[[ AVAILABLE DATA, beginning ]]

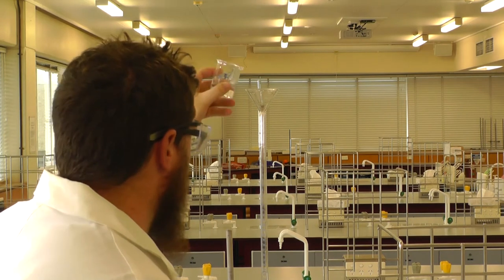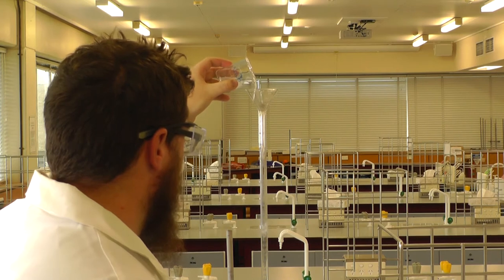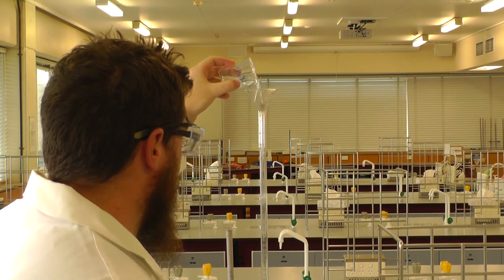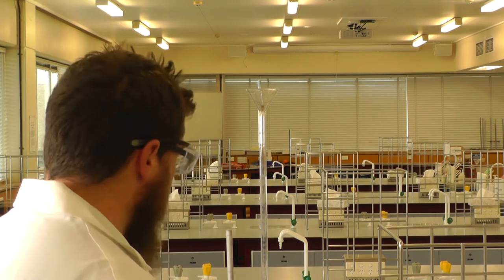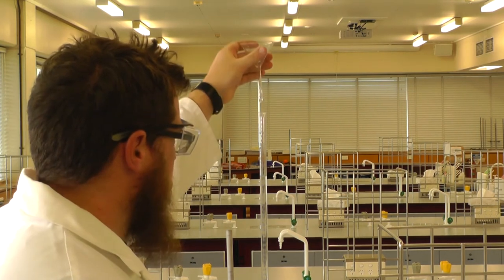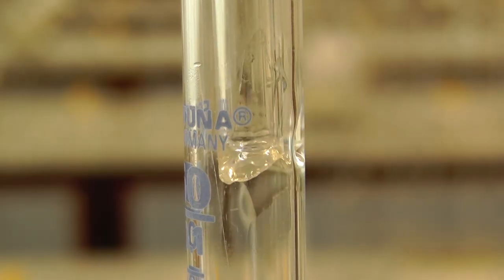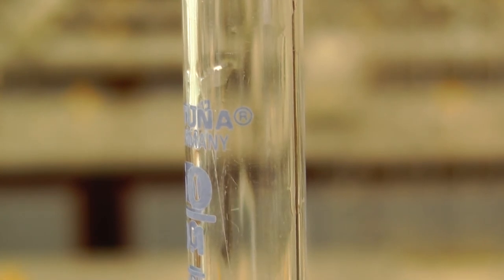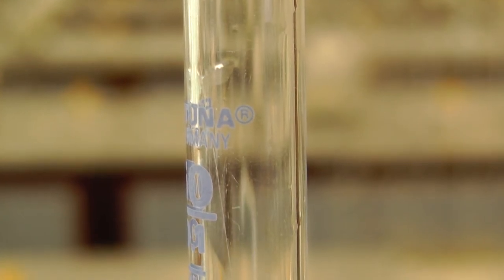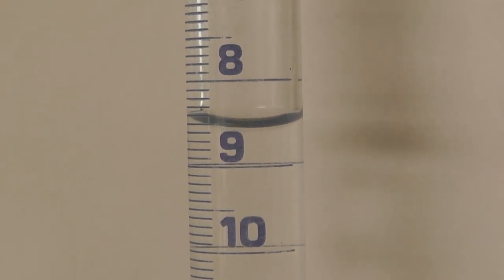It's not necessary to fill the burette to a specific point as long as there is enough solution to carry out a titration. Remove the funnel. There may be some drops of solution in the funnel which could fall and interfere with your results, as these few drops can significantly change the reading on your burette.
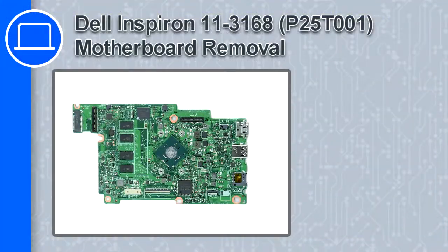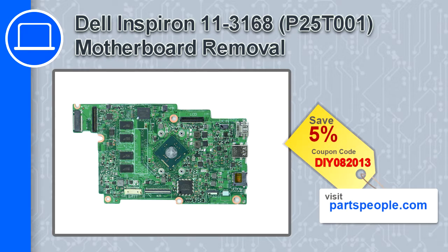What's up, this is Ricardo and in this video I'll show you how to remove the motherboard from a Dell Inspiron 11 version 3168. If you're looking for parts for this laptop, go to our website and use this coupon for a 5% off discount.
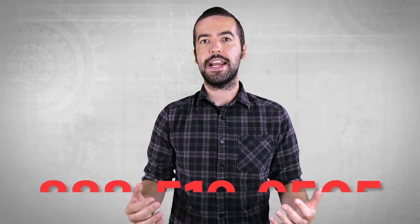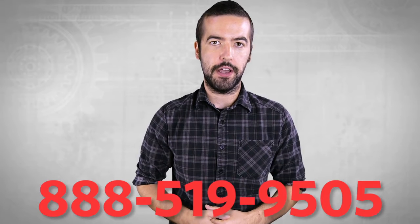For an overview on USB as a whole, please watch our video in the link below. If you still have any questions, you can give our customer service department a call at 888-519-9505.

[[ AVAILABLE DATA, end ]]

Every line above should be transcribed exactly, though no image should be carried over.

It's not necessary to fill the burette to a specific point as long as there is enough solution to carry out a titration. Remove the funnel. There may be some drops of solution in the funnel which could fall and interfere with your results, as these few drops can significantly change the reading on your burette.
What's up, this is Ricardo and in this video I'll show you how to remove the motherboard from a Dell Inspiron 11 version 3168. If you're looking for parts for this laptop, go to our website and use this coupon for a 5% off discount.
For an overview on USB as a whole, please watch our video in the link below. If you still have any questions, you can give our customer service department a call at 888-519-9505.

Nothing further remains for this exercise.